TASK INPUT:
· · · ·

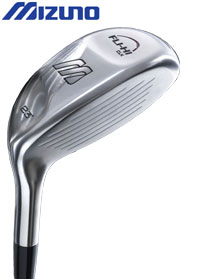 Mizuno 2nd Hand Mizuno CLK Fli-Hi Iron (Steel Shaft)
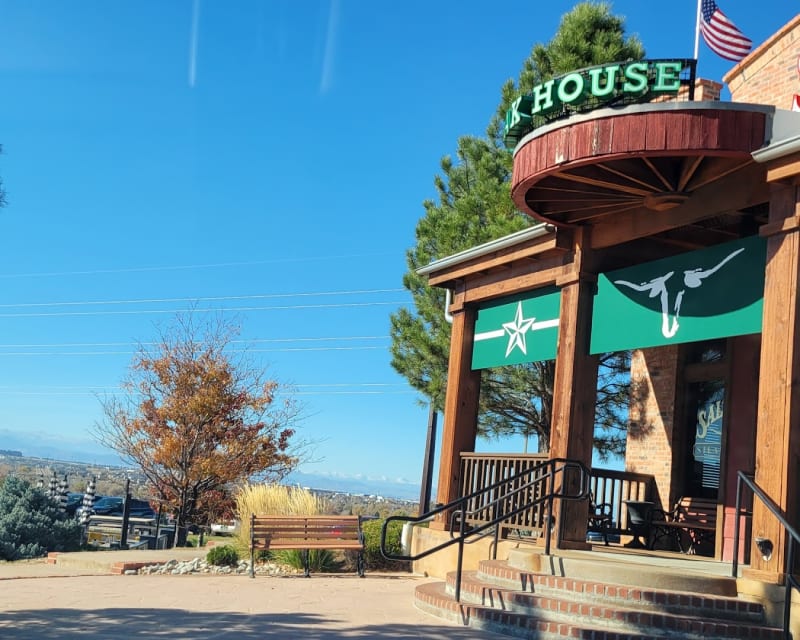 Saltgrass Steak House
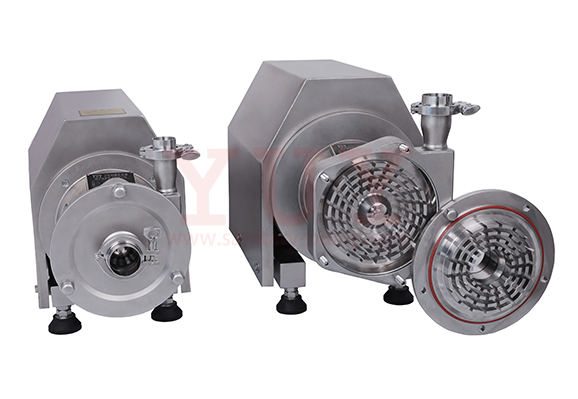 EMULSIFICATION PUMP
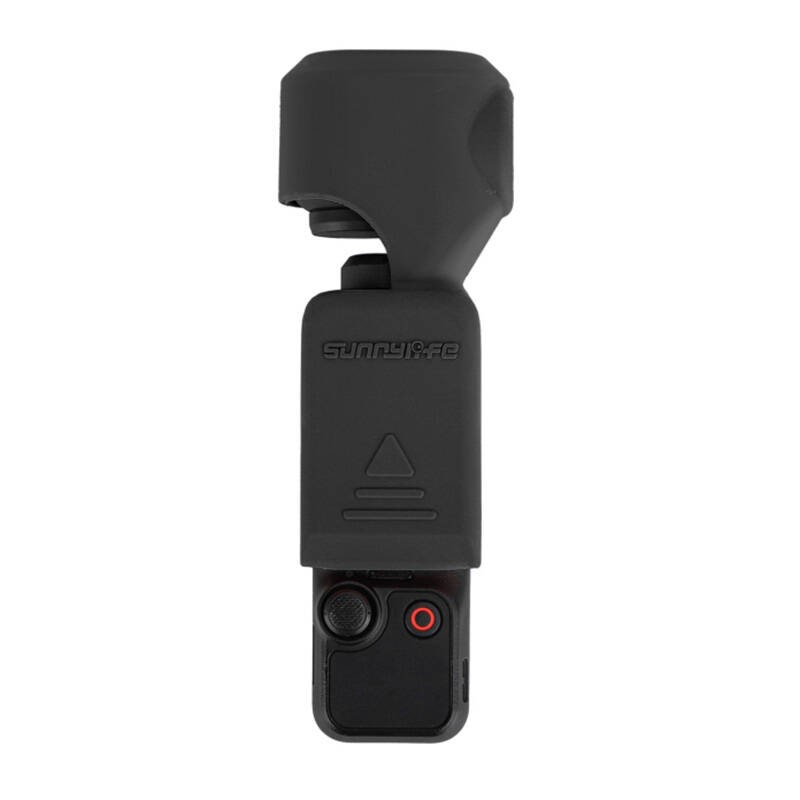 Sunnylife dėklas DJI Osmo Pocket 3 (silikoninis, juodas)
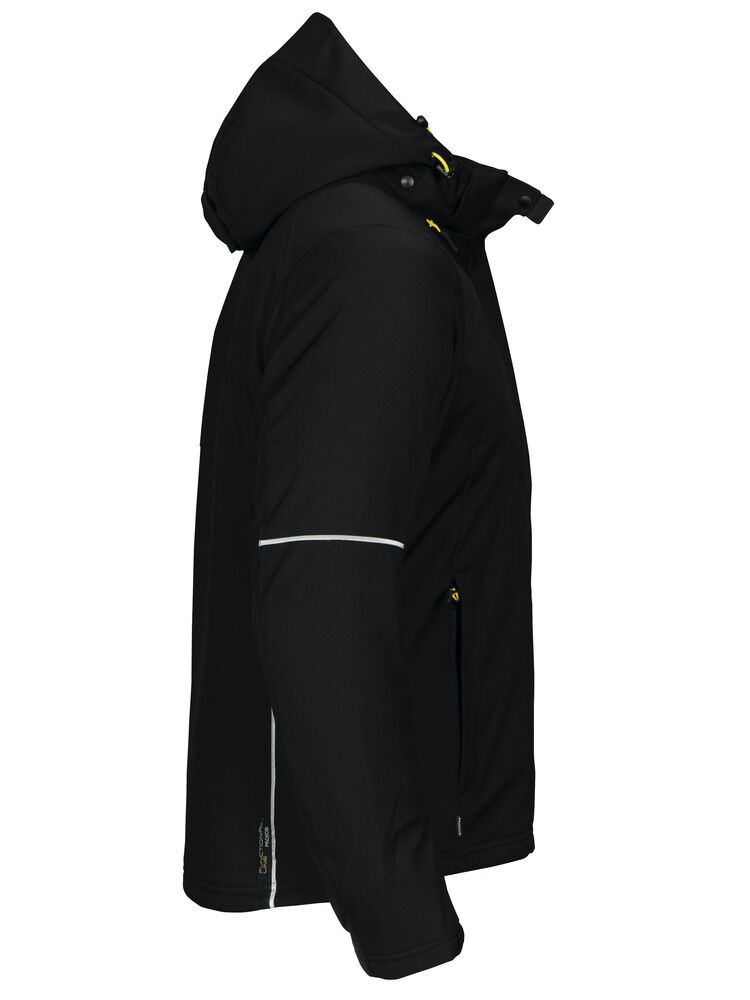 3413 GEFÜTTERTE DAMEN FUNKTIONSJACKE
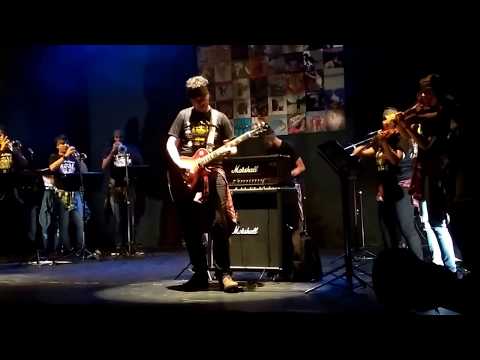 Facmol Rock in Concert - Sweet Child O' Mine - Guns N' Roses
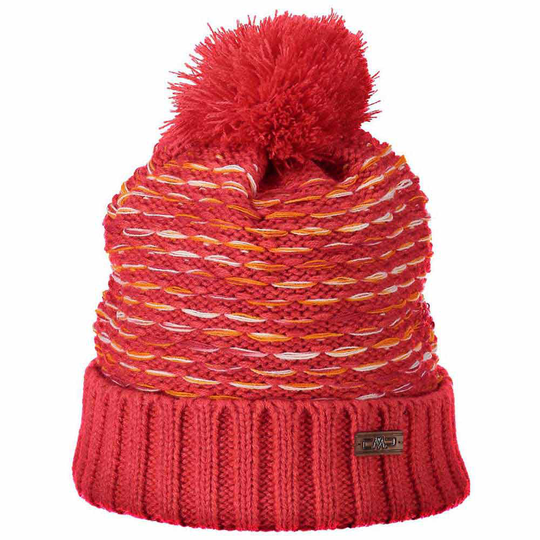 Cmp Knitted 5505022j Beanie Red Boy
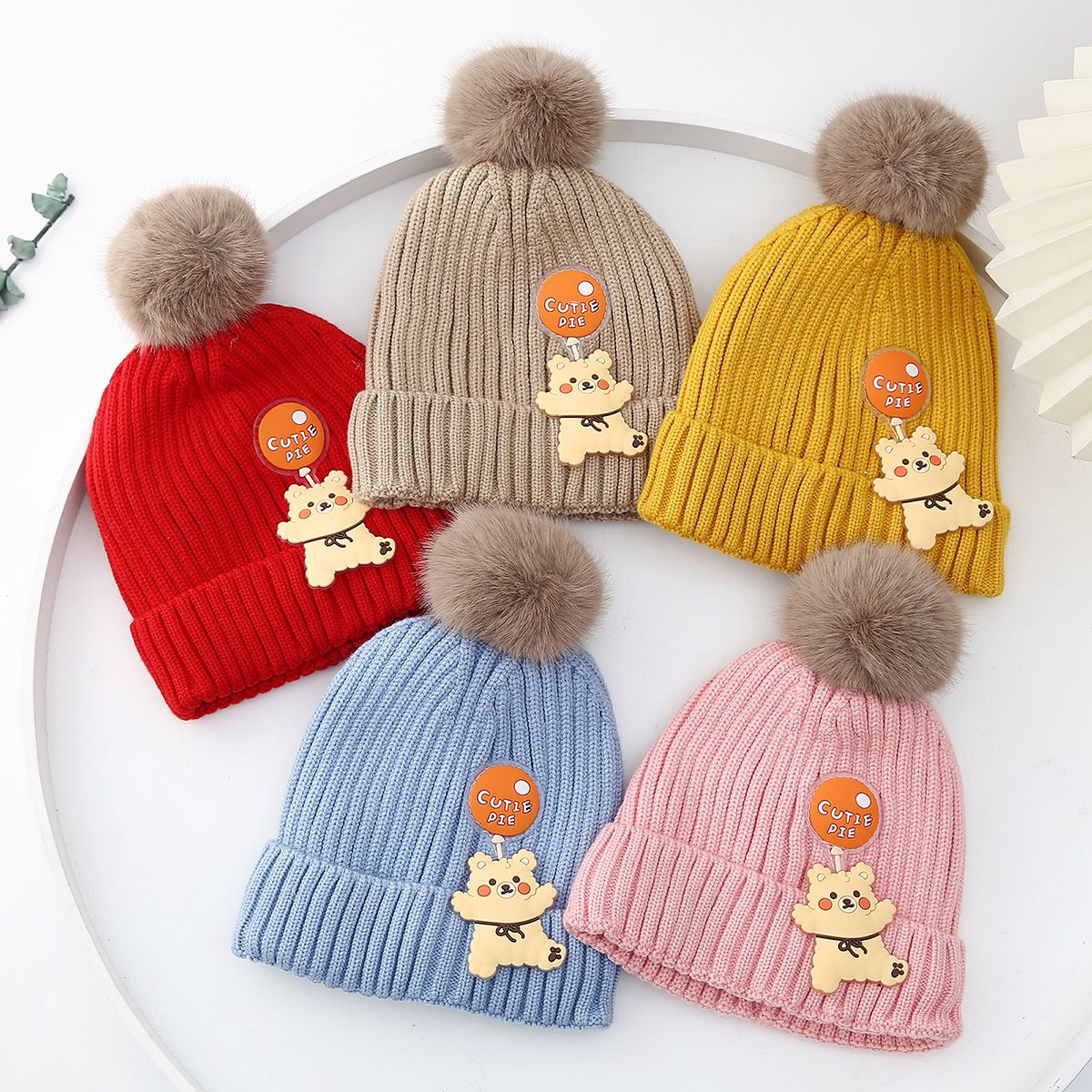 🧶 Imported Baby Woolen Caps Collection – keep your baby warm and stylish!
🎨 Available in beautiful colors and designs to suit every little one’s style.
👶 Size range: 0-9 months, perfect for newborns and infants.
💰 Price: 690 Rs each – premium quality at an affordable price.
✨ Made with soft, warm wool to protect your baby during chilly days.
🛍️ Shop now at: babyspotofficial.pk
🚚 Delivery Time: 2-5 days across Pakistan!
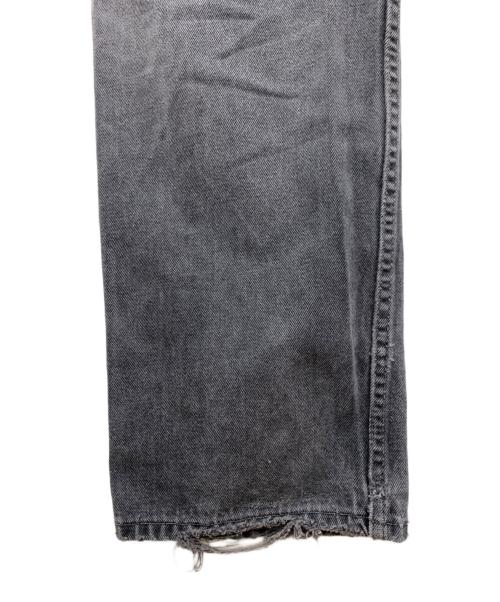 LEVI'S（リーバイス）LEVI'S (リーバイス) 505デニムパンツ グレー サイズ:W36×L36の古着・服飾アイテム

· · · ·

WHAT TO WORK ON:
Please repeat every record exactly as it stands, leaving out any pictures.

TASK RESULT:
 Mizuno 2nd Hand Mizuno CLK Fli-Hi Iron (Steel Shaft)
 Saltgrass Steak House
 EMULSIFICATION PUMP
 Sunnylife dėklas DJI Osmo Pocket 3 (silikoninis, juodas)
 3413 GEFÜTTERTE DAMEN FUNKTIONSJACKE
 Facmol Rock in Concert - Sweet Child O' Mine - Guns N' Roses
 Cmp Knitted 5505022j Beanie Red Boy
 🧶 Imported Baby Woolen Caps Collection – keep your baby warm and stylish!
🎨 Available in beautiful colors and designs to suit every little one’s style.
👶 Size range: 0-9 months, perfect for newborns and infants.
💰 Price: 690 Rs each – premium quality at an affordable price.
✨ Made with soft, warm wool to protect your baby during chilly days.
🛍️ Shop now at: babyspotofficial.pk
🚚 Delivery Time: 2-5 days across Pakistan!
 LEVI'S（リーバイス）LEVI'S (リーバイス) 505デニムパンツ グレー サイズ:W36×L36の古着・服飾アイテム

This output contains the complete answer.